# Equation of ellipsoid

1. Sep 27, 2009

### mnb96

Hi,
given an ellipsoid in parametric form in t, I was trying to get to the classical equation in x,y. Things are very straightforward, as long as the ellipse radii are aligned with the principal axes. Instead, I am trying to find the equation of a "rotated" ellipse, given a parametrization in t.

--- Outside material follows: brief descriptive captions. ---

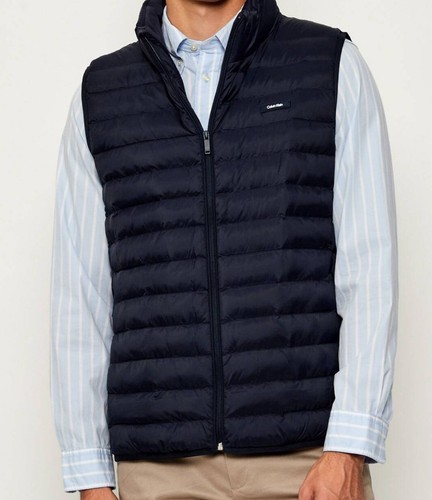 Calvin klein smanicato - calvin,
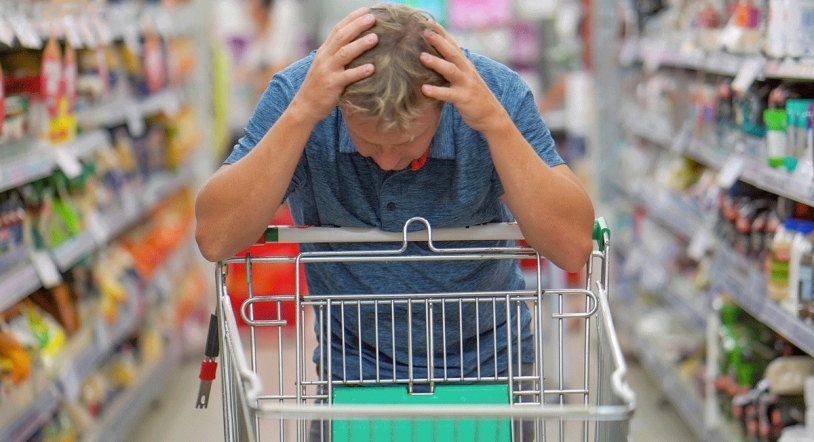 ¿Qué supermercado ha subido más sus precios?
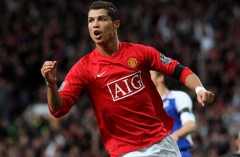 Cristiano Ronaldo chính thức hoàn tất thủ tục quan trọng, sẵn sàng trở về Manchester United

I tried the following... Let's define the position vector:

$$\mathbf{r}(t) = \mathbf{a}cos(t) + \mathbf{b}sin(t)$$

where:
$$\mathbf{a}=a_1\mathbf{e_1} + a_2\mathbf{e_2}$$
$$\mathbf{b}=b_1\mathbf{e_1} + b_2\mathbf{e_2}$$

and we have that $$<\mathbf{a},\mathbf{b}>=0$$, that is, the directional radii are perpendicular but not aligned to the main axes.
Since $$x = <\mathbf{r},\mathbf{e_1}>$$, and $$y = <\mathbf{r},\mathbf{e_2}>$$, we have:

$$x = a_1cos(t) + b_1sin(t)$$
$$y = a_2cos(t) + b_2sin(t)$$

At this point I got stuck, because I can't manage to get rid of t. When the ellipse is aligned to the main axes we have $$b_1=0$$, and $$a_2=0$$, and everything becomes easy by squaring the terms.
I know that the final result should be of the form: $$\mathbf{x^T}A\mathbf{x}$$ where A is symmetric positive definite, but I can't really get there.

2. Sep 27, 2009

### g_edgar

Your ellipse is centered at the origin.
You have two equations (linear in $\cos t$ and $\sin t$). Solve them like this: $\cos t = ??$, $\sin t = ??$, both right-hand-sides linear in $x,y$. Then take the equation $\sin^2 t + \cos^2 t = 1$, substitute in your results, you get something quadratic in $x,y$.

3. Sep 28, 2009

### mnb96

Thanks a lot!
I can't believe I didn't immediately find such an easy solution! It has been under my eyes all the time (even on my notes) but yesterday I simply missed it :/ ... I should punish myself now :)